Human iPSC-derived sensory neurons for pain drug discovery
Drug discovery workflows for neurological indications have traditionally relied on neuronal preparations from rodent tissues. However, the ability to test activity of compounds on human neurons is desirable, since rodent pharmacology data do not always predict effects in humans. Human iPSC-derived neurons are increasingly used to provide human in vitro pharmacology data, with the promise of improving decision-making for neuroscience drug discovery. In pain research, human iPSC derived sensory neurons have been used by recent studies to model primary sensory neurons of dorsal root ganglia. Although different types of human iPSC-derived neurons have been extensively characterized by gene expression, the most salient phenotype of neurons is electrical excitability, as neurons integrate synaptic inputs and respond by firing action potentials.

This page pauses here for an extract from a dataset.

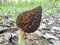 Morchella. Earlier summer in the forest on the island of Yagry in Severodvinsk. A mottled woodpecker on a tree trunk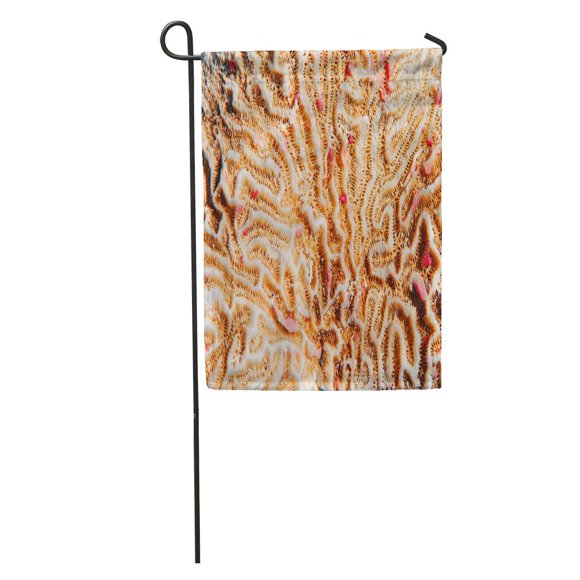 POGLIP Beige Structure of Coral Found on Baracoa Beach in Cuba Garden Flag Decorative Flag House Banner 28x40 inch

Photomicrographs of Axol iPSC-derived sensory neurons (left) and adult dorsal root ganglion DRG neurons (right)
Patch-clamp electrophysiology assays are routinely used to characterize neuronal excitability and provide functional endpoints to assess effects of drug compounds. However, the basic electrophysiological properties of human iPSC-derived sensory neurons have not been well studied.

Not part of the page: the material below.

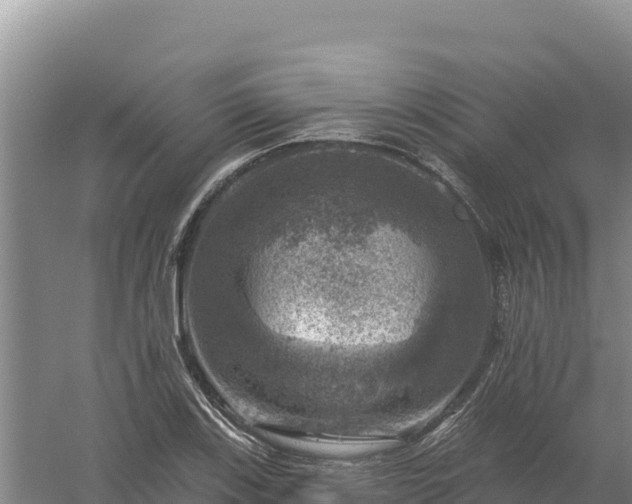 X0000058141123200509302012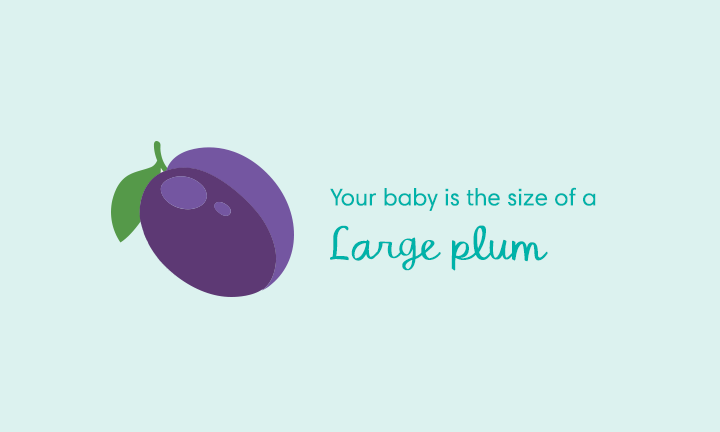 baby size of large plum at week 13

How well do iPSC-derived sensory neurons reflect the physiological state of native primary sensory neurons? How consistent is the phenotype? How reproducible are the data?
To address these questions, we focused on human sensory neurons differentiated from iPSC-derived neural progenitors (Axol Bioscience, ax0055). We conducted a thorough patch-clamp analysis, including:
1) Current-clamp recordings to measure spontaneous and evoked action potential firing
2) Voltage-clamp recording to characterize tetrodotoxin-sensitive and tetrodotoxin-resistant Na currents (found in native neurons).

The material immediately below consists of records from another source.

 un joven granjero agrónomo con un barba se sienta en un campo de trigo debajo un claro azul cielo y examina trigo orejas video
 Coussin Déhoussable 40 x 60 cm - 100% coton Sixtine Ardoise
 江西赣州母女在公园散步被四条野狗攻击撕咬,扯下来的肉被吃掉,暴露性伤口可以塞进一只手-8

We also determined the concentration-response of tetracaine, a voltage- and frequency-dependent blocker of voltage gated Na currents. We recorded >500 neurons from twelve independent neural precursor differentiation experiments.
We conclude that human iPSC-derived sensory neurons reproduce several key electrophysiological properties expected from bona fide dorsal root ganglia sensory neurons and are useful for supporting drug discovery programs for pain.